Le lundi 11 octobre 2021 restera certainement comme une journée mémorable de l’histoire de la Tunisie contemporaine, comme le 25 juillet 2021, non seulement par l’investiture (le mot peut paraître impropre, cependant il est utilisé ici à bon escient) du nouveau gouvernement, mais aussi par un acte d’une haute signification et d’une symbolique particulière dans la stratégie politique envisagée par le Président de la République, Kaïs Saïed. C’est le commentaire, photos à l’appui, dans l’allocution présidentielle portant sur l’ARP et ses déboires.
Concernant le nouveau gouvernement, on se contenterait de lui accorder un préjugé favorable sur la base surtout de plusieurs éléments tenant à l’indépendance et à la propreté apparentes de ses membres et soulignées par plusieurs témoins, sur la base aussi d’un courage et d’un engagement manifestes se traduisant au moins par l’acceptation de responsabilités très lourdes dans des conditions très peu favorables. En tout cas, l’allocution de la présidente du Gouvernement (qu’il paraît possible de doter de ce titre, malgré la nature franchement présidentielle de la gouvernance de l’exception transitionnelle) s’inscrit explicitement dans les principales attentes populaires et, le soutien citoyen aidant, il est possible d’espère un redressement de la situation par ce nouveau gouvernement, sous la tutelle du premier responsable, le Président de la République.

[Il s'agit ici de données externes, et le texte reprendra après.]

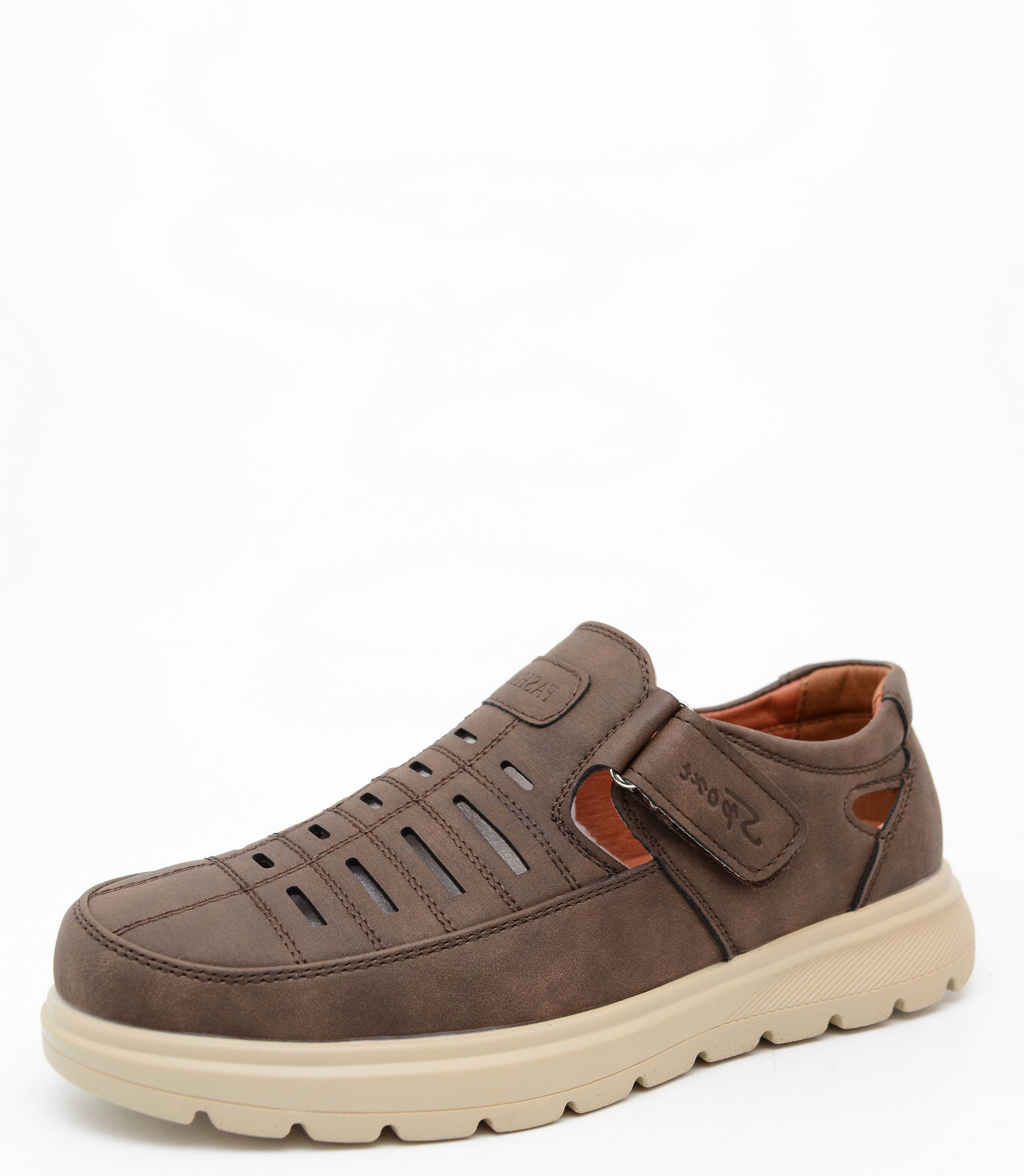 dk550-1 Aima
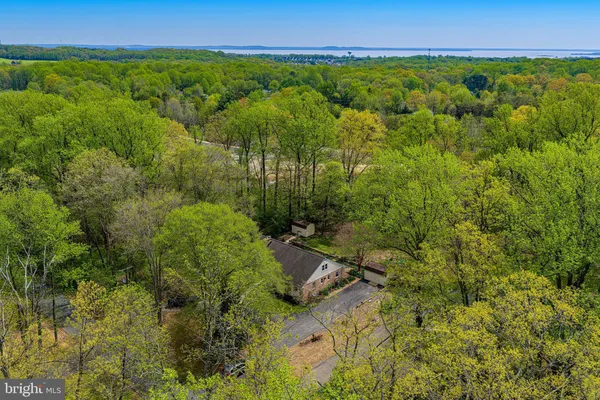 $499,000 | 4141 Quail Way, Havre de Grace, MD 21078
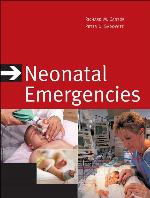 Infant and Neonatal Emergencies (Red &amp; White Emergency Medicine)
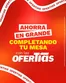 Catálogo Tia en Isidro Ayora | Gangas exclusivas | 2026-09-10T00:00:00.000Z - 2026-09-23T00:00:00.000Z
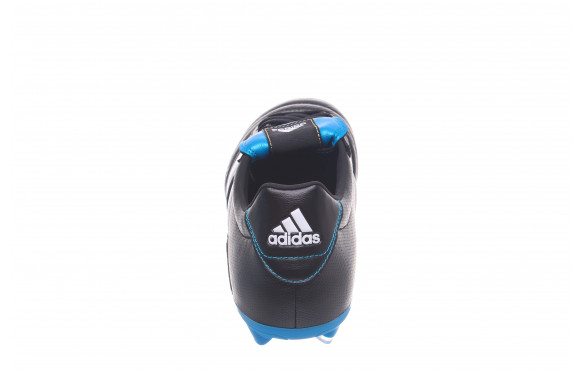 adidas GLORO FG_MOBILE-PIC2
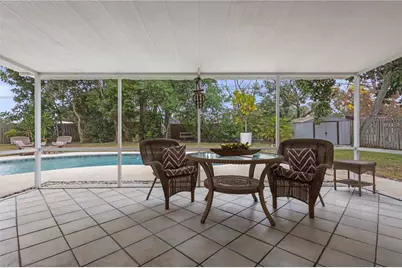 1437 Glenview Road, Palm Harbor, FL 34683 - Photo 5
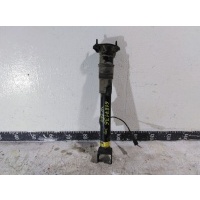 Пневмоамортизатор задний Mercedes X164 GL 2006-2012 A1643203031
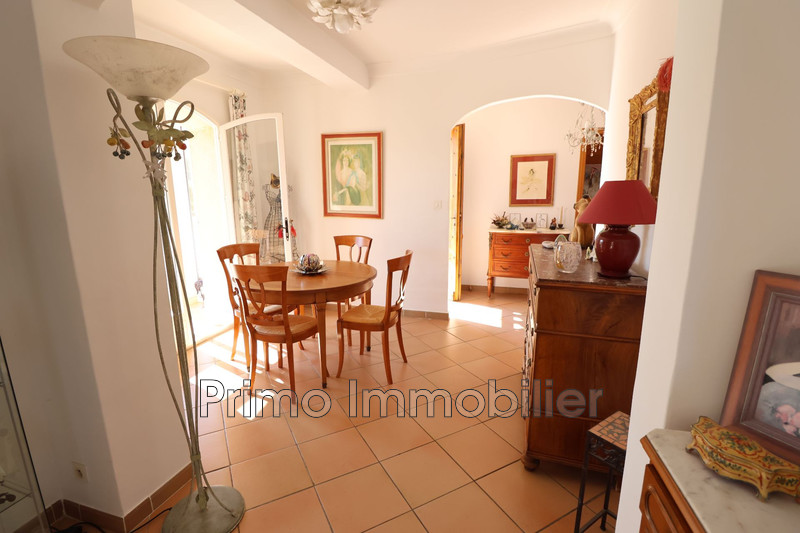 Photo n°7 - Vente maison Cogolin 83310 - 650 000 €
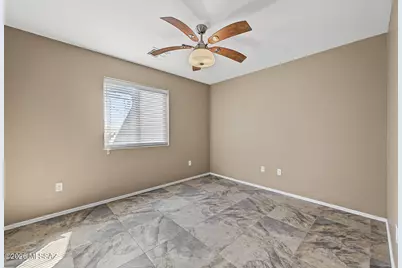 15816 W Sandy Street, Marana, AZ 85653 - Photo 27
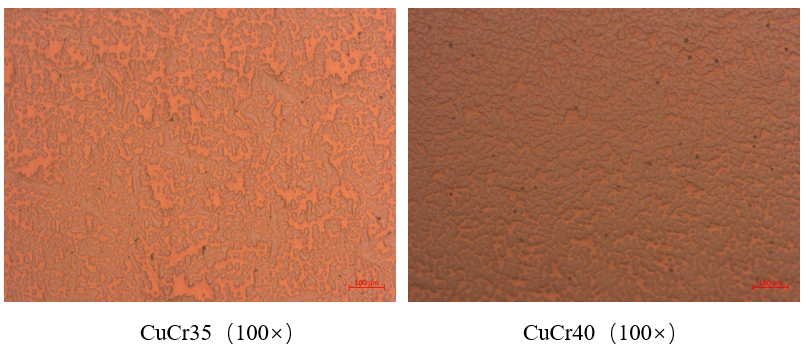 20210827/6128a19be1098.png image.png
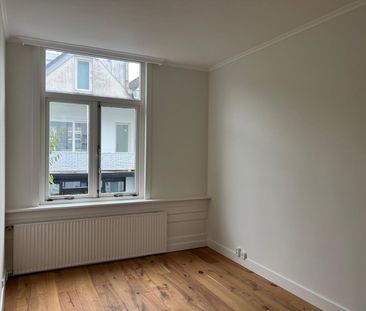Paulus Potterstraat 34, Kralingen West, 3061ZW, Rotterdam - Photo 6
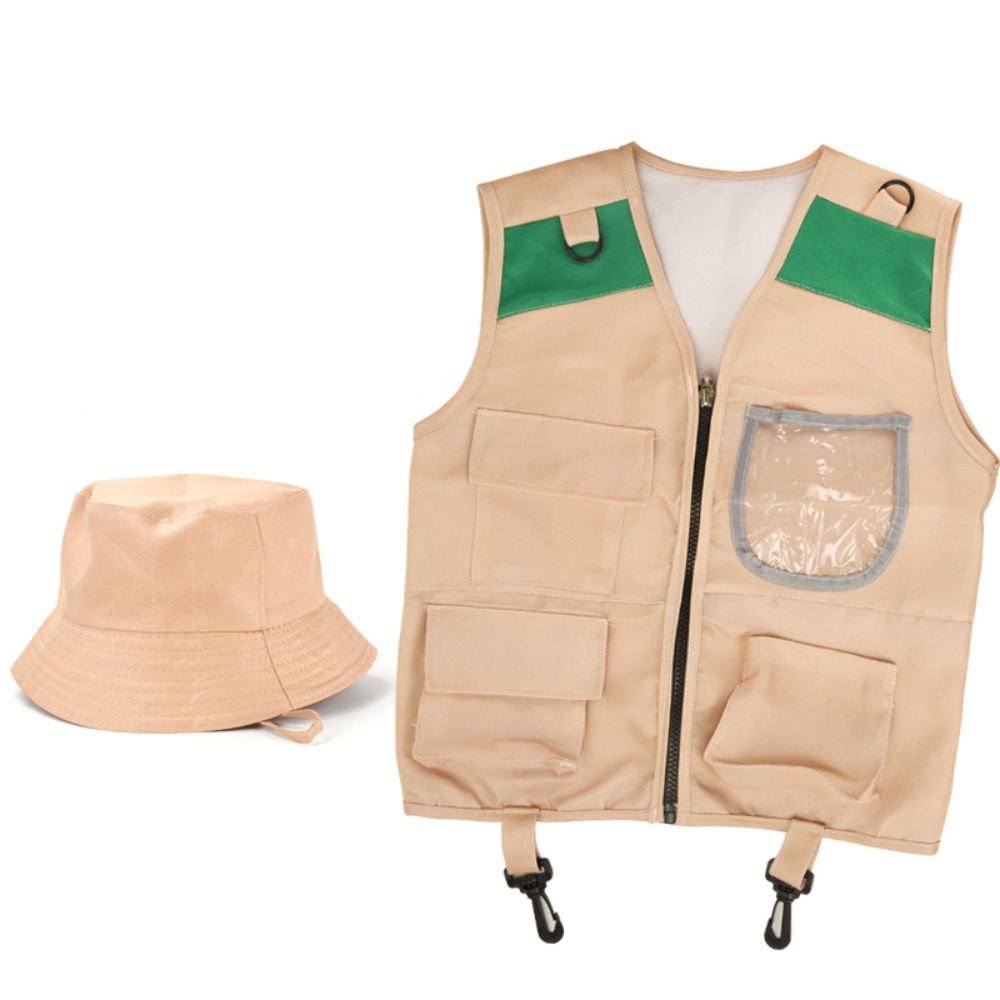 Summer Clothing Kids Explorer  - Outdoor Adventure Movies For Kids review and price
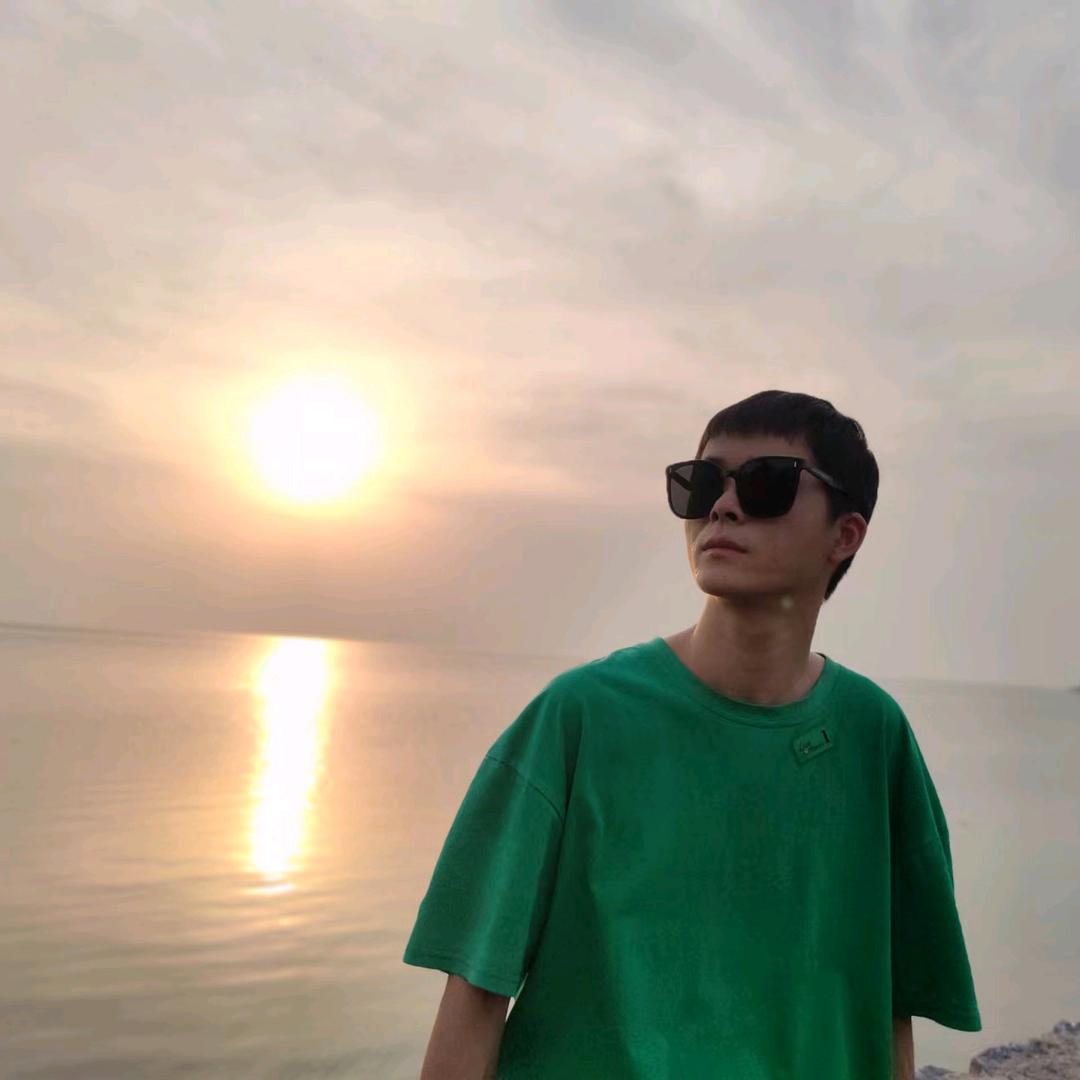 🌈梓阳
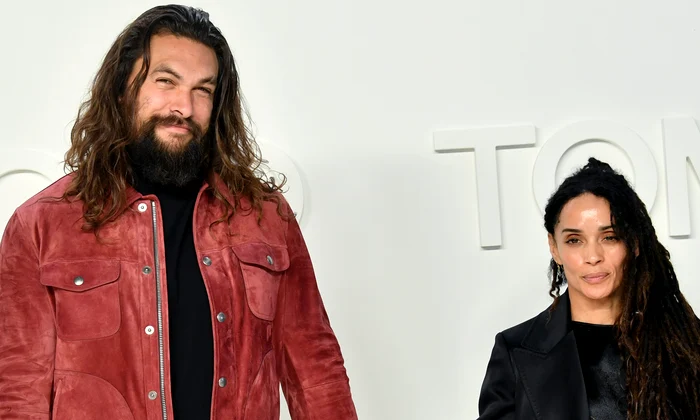 jason momoa lisa bonet (2) jpg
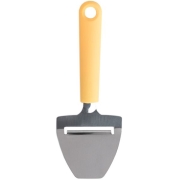 Изображение товара Нож для сыра Brabantia 126222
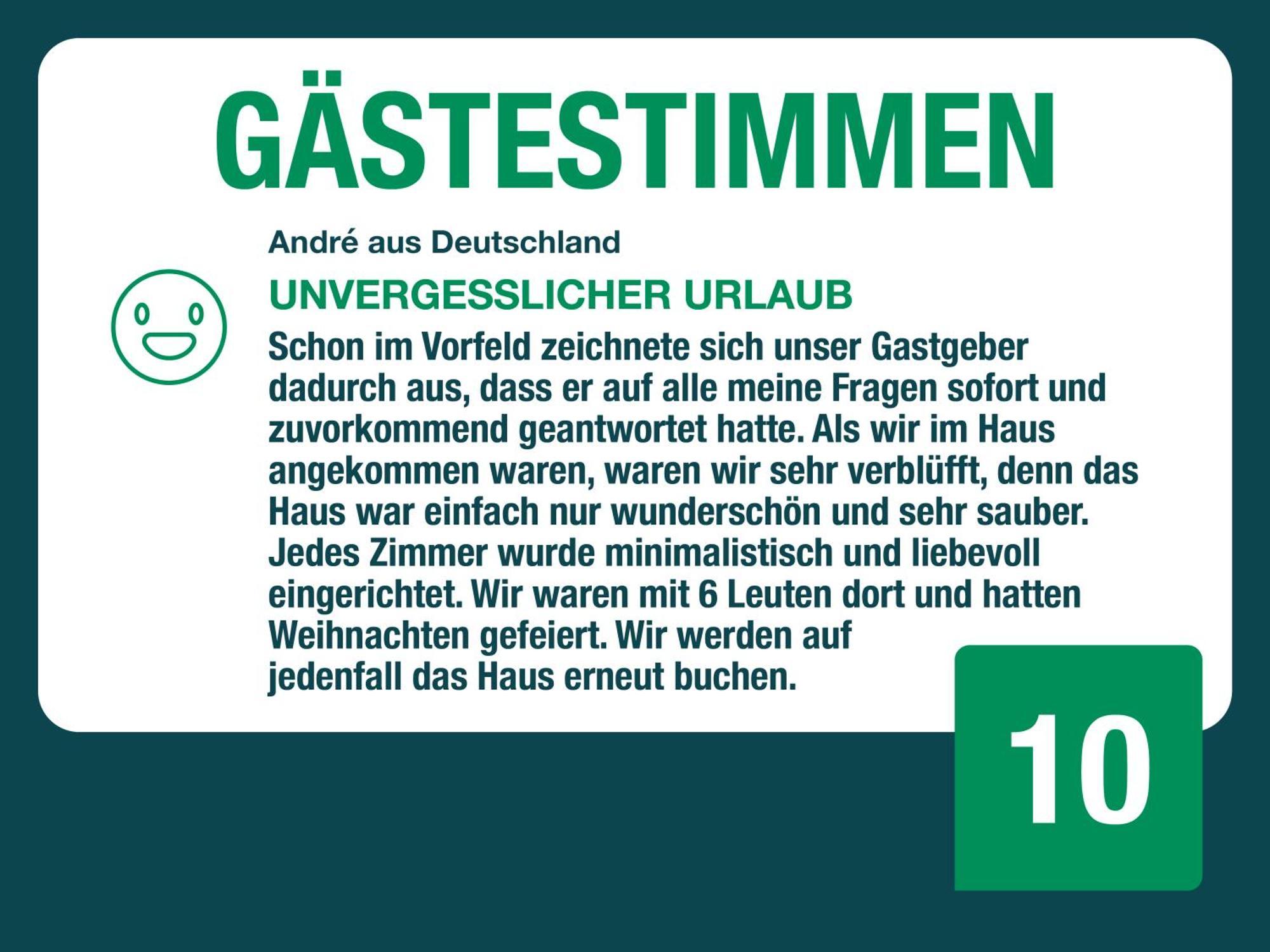 Lenhaus Mit Kamin & Garten - Ferienhaus Im Gruenen Sundern Eksteriør billede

D’aucuns contesteraient le terme ici employé d’investiture, au moins pour non intervention du parlement dans la validation du gouvernement. Or la réponse nous paraît inhérente à l’allocution présidentielle où il est explicitement précisé (ou presque) qu’il y aura un parlement, mais non celui qu’on avait jusqu’au 25 juillet 2021.
Ce message nous a semblé lisible dans le commentaire du Président faisant état de comportements « honteux » du parlement gelé, détourné de tout ce qui concerne les citoyens qu’il est censé représenter, pour des intérêts personnels ou des manigances conflictuelles. Le grand désastre étant perceptible au sang qui a coulé dans le parlement sans qu’aucune décision idoine soit prise en conséquence. Mais le plus intéressant à relever, c’est sans doute le défilement, dans les mains du président et suivi par la caméra, de photos illustrant les propos du locuteur et donnant une idée de « l’horreur » des scènes de violence rappelées ayant eu lieu en pleines réunions de l’ARP. Certes, ce défilement d’images aurait une portée argumentative qui pourrait même rejoindre les propos d’après sur le comportement scandaleux d’un ex-président, tenant à la présidence par un fil quasi-fictif, qui avait appelé les amis de la Tunisie à intervenir dans son pays pour lui arranger un pouvoir à sa convenance.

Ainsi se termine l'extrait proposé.